Oh, ingratidão
O tratado que nasceu constitucional e parece estar a morrer chamando-se de Lisboa já ganhou um lugar na história da União Europeia. Ficará no capítulo das tensões entre a dinâmica das instituições interestaduais e a da construção da cidadania europeia comum.
Os esforços das diplomacias alemã e portuguesa, depois do insucesso dos referendos na França e na Holanda, concentraram-se em conseguir um Tratado que os 27 governos aprovassem e os 27 parlamentos ratificassem e deram por assumida a gratidão dos irlandeses pelo que a Europa lhes trouxe.
A ideia subjacente, de que se podia derrotar os nãos nos referendos pela retirada para a dinâmica das instituições do Estado esbarrou no pormenor da imposição constitucional de referendo na Irlanda e na debilidade do sentimento de gratidão em política.
Em si, este processo é pelo menos tão democrático como a ratificação por referendo. O problema é que por toda a Europa, incluindo em Portugal, foram dados sinais de que os Governos se tinham proibido reciprocamente de consultar os eleitorados e é muito pouco convincente o argumento de que num país da Europa não se pode votar algo porque o governo do país vizinho não pode correr o risco de perder um confronto eleitoral.
O que quer que os Chefes de Estado e de Governo decidam fazer na próxima semana não pode ignorar que os três nãos reflectem resistências populares à imagem que este Tratado tem, de ser um cozinhado de mercearia institucional e não um passo importante para os cidadãos. Também não pode ignorar que quanto mais parecer que as instituições políticas temem os referendos, mais se aprofunda a ideia de que falta apoio popular a este passo na construção europeia. Tal como não pode ignorar que o que falta ao Tratado não são novos mecanismos institucionais sofisticados mas uma ideia de Europa mobilizadora do eleitorado.

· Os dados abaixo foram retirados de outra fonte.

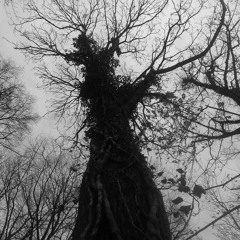 Toxic (Gnarly Crunch Version) - Made famous by Britney Spears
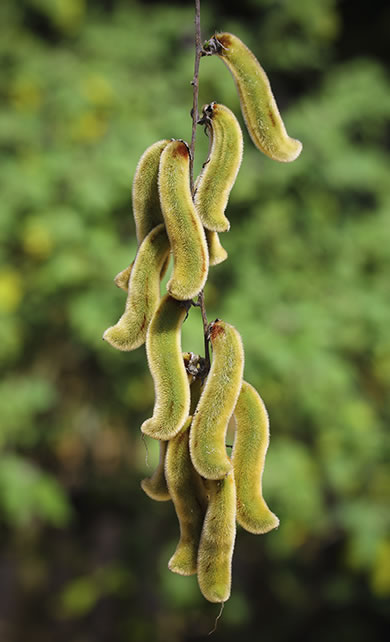 Mucuna preta vagens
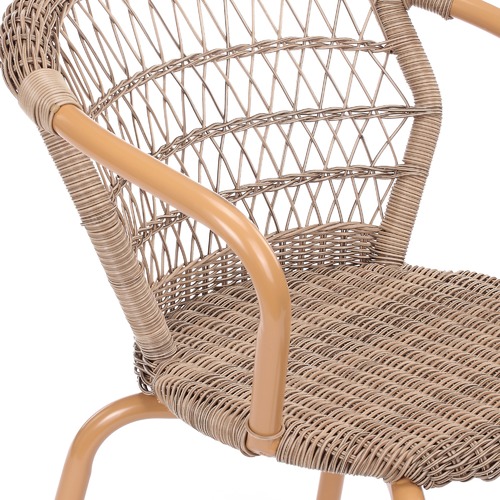 Temple & Webster Brown Raffles PE Rattan Outdoor Dining Chairs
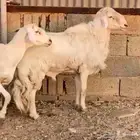 تم البيع خروف حري سديس مشروط النسف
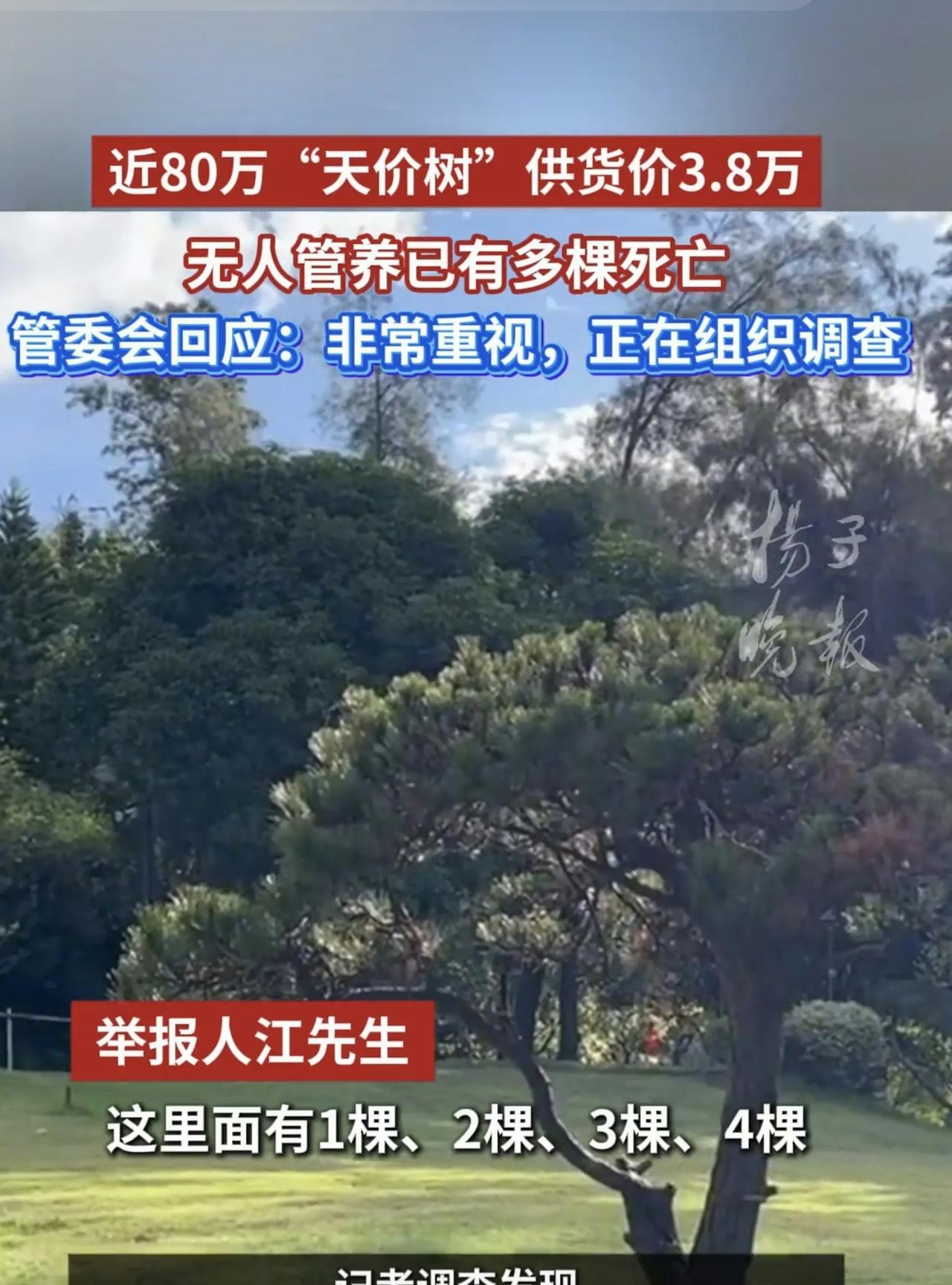 这样的松树在福州市这样的南方城市，如果要用77万元购买，那真是离谱的天价。
而且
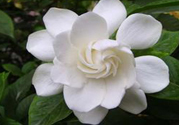 梔子花的葉子為什么會發(fā)黃？梔子花的葉子發(fā)黃了怎么辦？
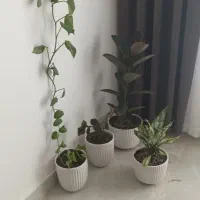 گل فیکوس بزرگ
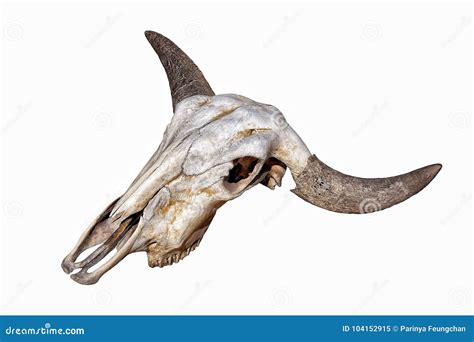 Head Cow Skull With Horns Isolate On White Stock Image Image Of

É preciso que os Chefes de Estado e de Governo não percam a percepção de que há limites para a distância entre a dinâmica política intergovernamental, dominada pelas subtilezas diplomáticas e os understatements e a dinâmica da cidadania intraeuropeia, que se guia por ideias fortes e percepções simplificadas.
Na Irlanda, tal como tinha acontecido anteriormente em França e na Holanda, a ideia do que este novo passo traz de positivo para os cidadãos não passou.
Agora, há que abandonar o Tratado e esperar anos ou décadas por um novo impulso político ou conseguir que o segundo round de modificações que lhe serão introduzidas esteja concentrado no que possa convencer os cidadãos das vantagens de continuar a construir a Europa.
De nada vale lamentar a ingratidão dos irlandeses para com a Europa. Há que dar-lhes, a eles e aos cidadãos de todos os países dos 27, novos argumentos para que apoiem este passo na construção europeia. Ora, todo o esforço político recente tem sido concentrado em evitar os enfrentamentos eleitorais sobre a ideia de Europa e não em tentar ganhá-los.